Friday, September 15, 2023

Mo' Wack

Various Artists

Royalties Overdue

Mo' Wax

Melody Maker, June 18 1994


by Simon Reynolds






































VARIOUS ARTISTS 
Headz 2 
(Mo Wax)
Village Voice, 1996 (remixed slightly for Faves of 1996)

by Simon Reynolds 



In the age of compilation gigantism, Headz 2 dramatically ups the ante. Mo 
Wax's latest anthology consists of not one but two separately sold double-CD's  (or two quadruple albums, boxed like Wagner's Parsifal), which contain nearly five-and-a-half hours of music spanning not just trip hop but leading innovators in drum & bass, techno, art-rap and electronica. Before I even saw these dauntingly oversize collections in the stores, I was put off by the air of hubris and self-congratulatory connoisseurship hanging over the project. When I saw them, the deluxe vinyl sets instantly reminded me of those calfskin-bound, gilt-inlaid editions of Dickens (sold through mail-order ads that appeal to "your unstinting pride"), which remain unread on the shelf but testify to an 
interest in being cultured. In Headz case, the word is subcultured. 

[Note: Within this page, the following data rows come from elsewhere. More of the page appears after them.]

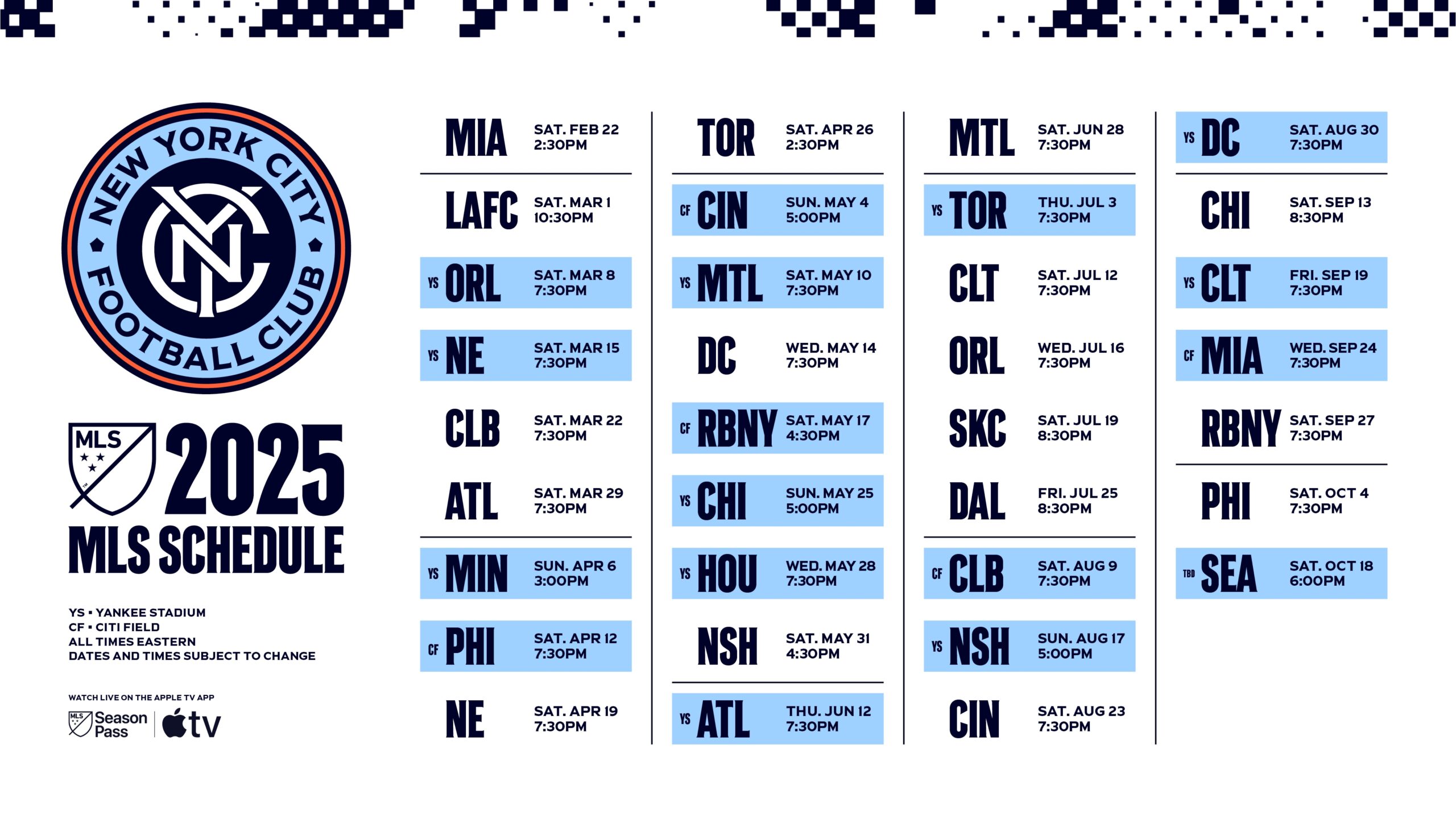 New York City FC Announce 2025 MLS Regular Season Schedule New 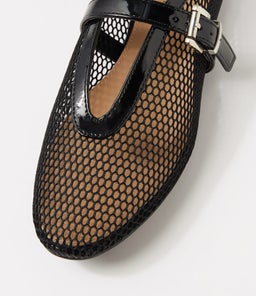 MESHINE IL BLACK PATENT PU MESH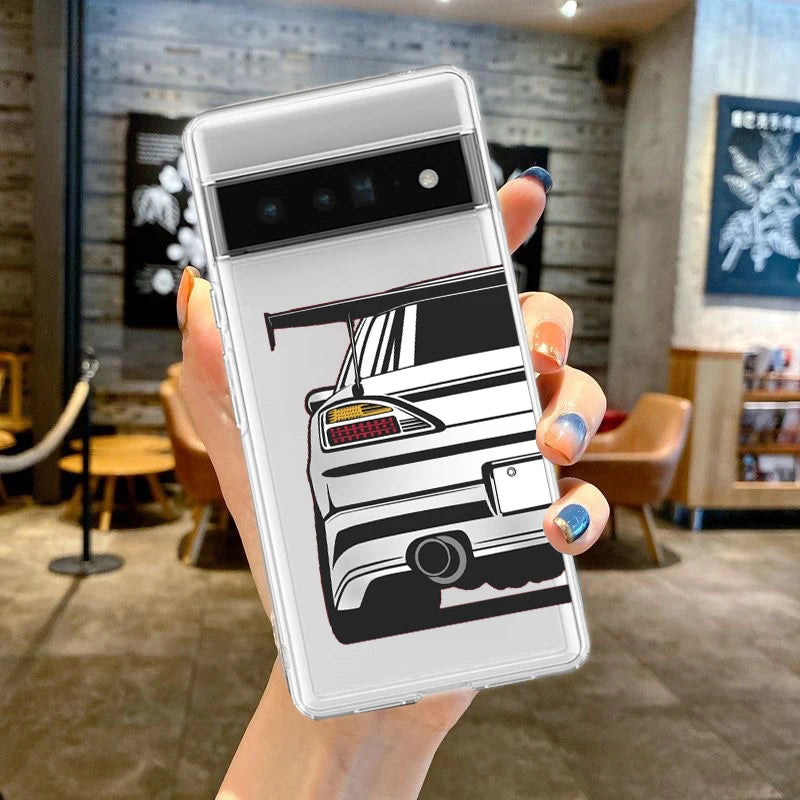 For Google Pixel 10 Pro 10A Phone Case Pixel 9 Pro XL Pixel 8 Pro 9A 8A 7A 7 6A 6 Pro Soft TPU Cover Japan JDM Sports Cars Comic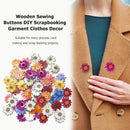 50pcs Colorful Flowers Printing Wooden Sewing Buttons DIY Knitting Clothes Decor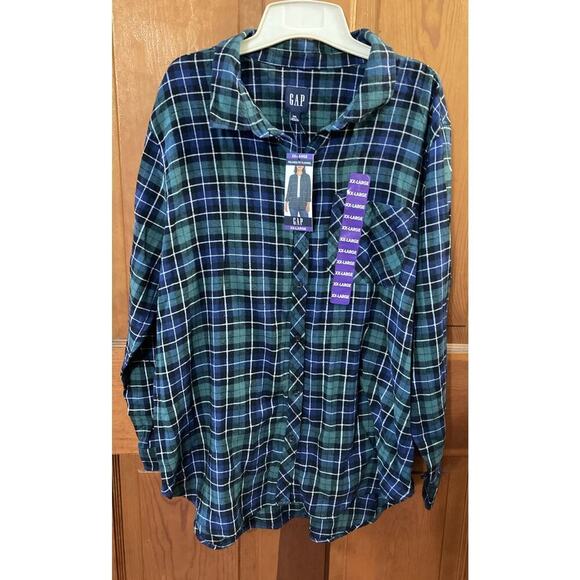 Gap Women's Relaxed Fit Flannel Shirt Sz XXL New Nixie Plaid Blue Green $70 - Picture 3 of 7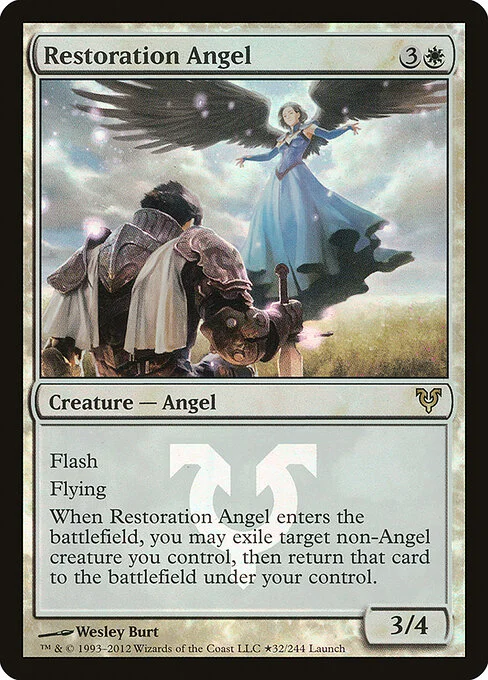 Restoration Angel, carta Magic di tipo Creature — Angel illustrata da Wesley Burt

Despite their garish abstrakt covers, the vinyl Headz also resemble headstones, 
perhaps because Mo Wax supremo James Lavelle has herein constructed a kind of mausoleum of late '90s "cool". Appropriately, the music itself is sombre and 
subdued, mostly cleaving to the trip hop noir norm: torpid breakbeats, entropic 
sub-bass, dank dub reverb. (When it comes to non-junglistic breakbeats, give me the rowdy, rockist furore of the Chemical Brothers, Fatboy Slim and their amyl brethren, any day). The same Mo Wax kiss-of-def that resulted in Luke Vibert's only uninteresting release to date affects contributions from the likes of Danny Breaks, whose abandons his normal hyper-kinaesthetics for the idling headnooding tempo of "Science Fu Beats". (Perking the track up to 45 r.p.m improves this, and several other tracks, considerably). 

Mo Wax belong to what you might call the "good music society", or more 
precisely, they belong to a specific "good music society" which dates back to 
the "eclectic" list of influences on Massive Attack's "Blue Lines" (wherein PiL, 
Mahavishnu Orchestra, Isaac Hayes and Studio One coexisted in smug 
self-congratulation). The sensibility is pure fusion: "it's all music, man", 
"what kind of music don't I like? -- just bad music!". Every area of music has 
it own "good music society", its little cabal of cognoscenti, what Kevin Martin 
calls the "taste police": Junior Boys Own for deep house, Creation (in the late 
Eighties at least) for leather-trousered rock, Grand Royal for white American 
B-boyism. Each maintains a canon of cool, and as with all canons, what is 
excluded is as significant as what is included. What is excluded tends to be 
both the vibrantly vulgar and the genuinely extremist/out-there: neither The 
Sweet nor Stockhausen make it. (Although Pierre Henry, bizarrely, has been 
canonised --as a pioneer of E-Z listening alongside Jean-Jacques Perrey!!!).


Bonus hateration

The return of WANKLE 
(from Retromania blog)


I saw an early version of this James Lavelle doc at a festival a few years ago and what amazed me, first and foremost, was how many UNKLE albums there'd been.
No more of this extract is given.